Las luces de las linternas y los disparos guías, similares a bengalas, entran a la pequeña bodega sin puertas ni ventanas en medio de un camino rural de la comunidad de San Pedro Limón, municipio de Tlatlaya, en el Estado de México, a cinco horas de sinuoso camino al suroeste del Distrito Federal.
“Los disparos comenzaron de afuera”, habla Omar Guzmán Pineda, padre de Érika, una muchacha de 15 años de edad presente en el almacén. “Primero hirieron a mi hija en la rodilla, en la derecha. También sangraba de un costado y del otro, creo que porque la bala la atravesó, pero estaba viva. Estaba bocabajo y viva. Clara, la mamá de mi niña, corrió hacia ella para ayudarla, pero un soldado la arrancó de su lado con jalones e insultos.
“Dejaron agonizar a mi hija durante una hora. Luego la arrastraron y por eso quedó toda raspada del vientre y las piernas. Uno de los soldados la volteó. Se sacó la pistola que traía en la cintura y, frente a su madre, el militar le disparó ocho o nueve veces sobre el pecho. Luego le sembraron un arma que, al parecer, es una AR-15”.
—¿Sabe usted con qué arma la hirieron antes? —pregunto a Omar Guzmán.
—Los disparos, repito, comenzaron de afuera hacia adentro y los militares sólo usan un fusil al que nosotros conocemos aquí como el G-3 —rifle que el Ejército mexicano convirtió en su arma de cargo en la década de los setenta, para uniformarse con la munición de la Organización del Tratado del Atlántico Norte, pero a la que México no pertenece.
Omar Guzmán es delgado y siempre lleva un adusto gesto de desconfianza en el rostro. Habla rápido y su piel es morena oscura. Viste camisa blanca abierta y calza huaraches de tiras de cuero tan delgadas que apenas sujetan una suela delgada que le salva de andar descalzo.
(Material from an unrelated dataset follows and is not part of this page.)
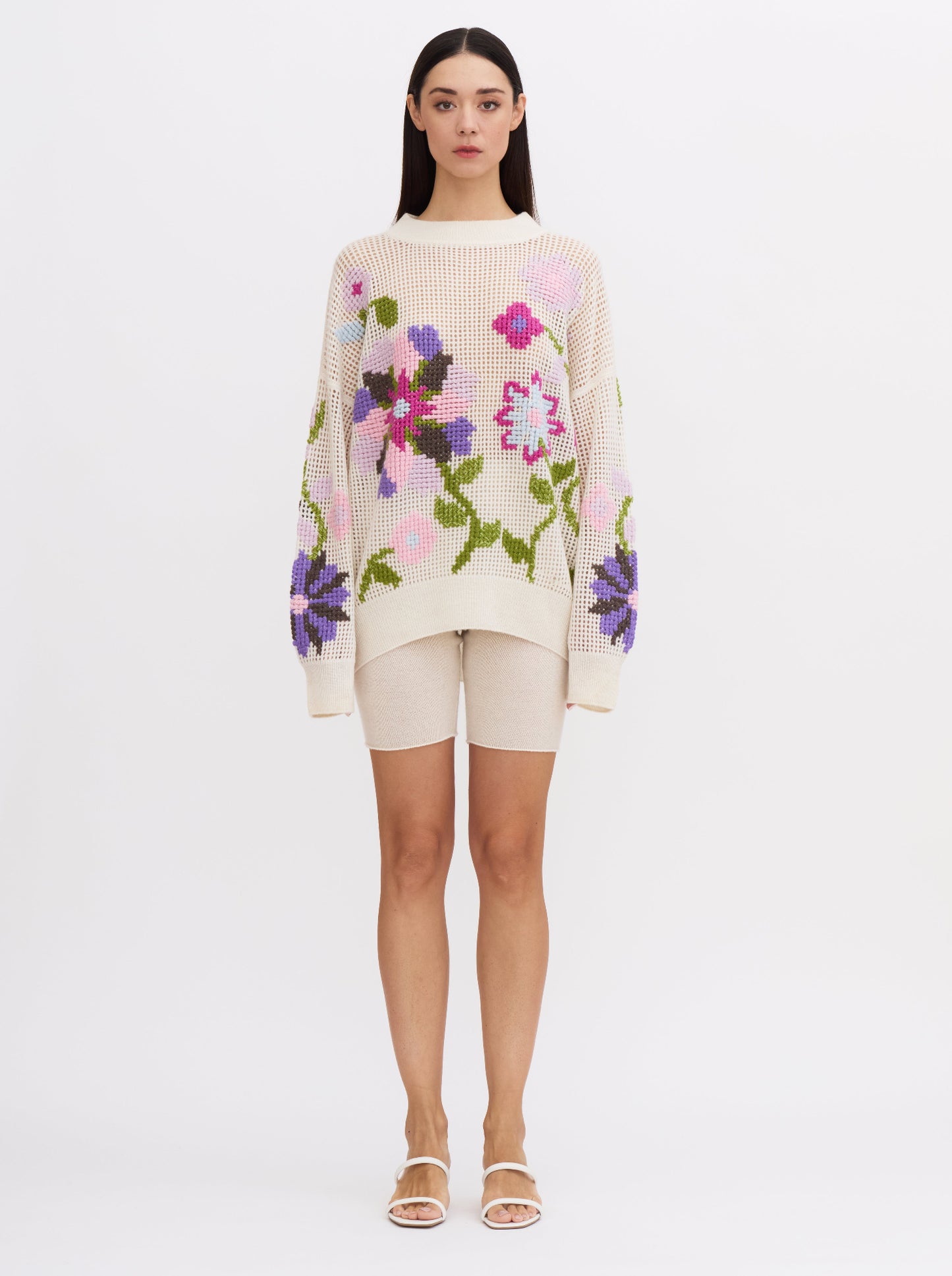 Front view of model wearing white net-knit cashmere round neck sweater with hand-embroidered cross-stitch large floral pattern in multi-coloured cashmere yarns; worn with white cashmere cycling shorts.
¿Se puede algo más de calzado si el calor a la sombra supera los 40 grados centígrados?
Esta es la Tierra Caliente, pero nadie puede decir que sólo lo sea por la temperatura. En esta nación interior conformada por algunos municipios de Guerrero, Michoacán y el Estado de México los grupos del narcotráfico resuelven sus diferencias con la exhibición de las cabezas de sus enemigos, ocupan territorios con violaciones de niñas y convierten a policías federales capturados en piras funerarias al lado de la carretera.
Los tiempos violentos en Arcelia por razones del narcotráfico ocurrieron hace siete u ocho años, cuando La Familia Michoacana tomó por asalto el pueblo, dominado por Los Pelones, uno de los varios grupos integrantes del Cártel de los Beltrán Leyva.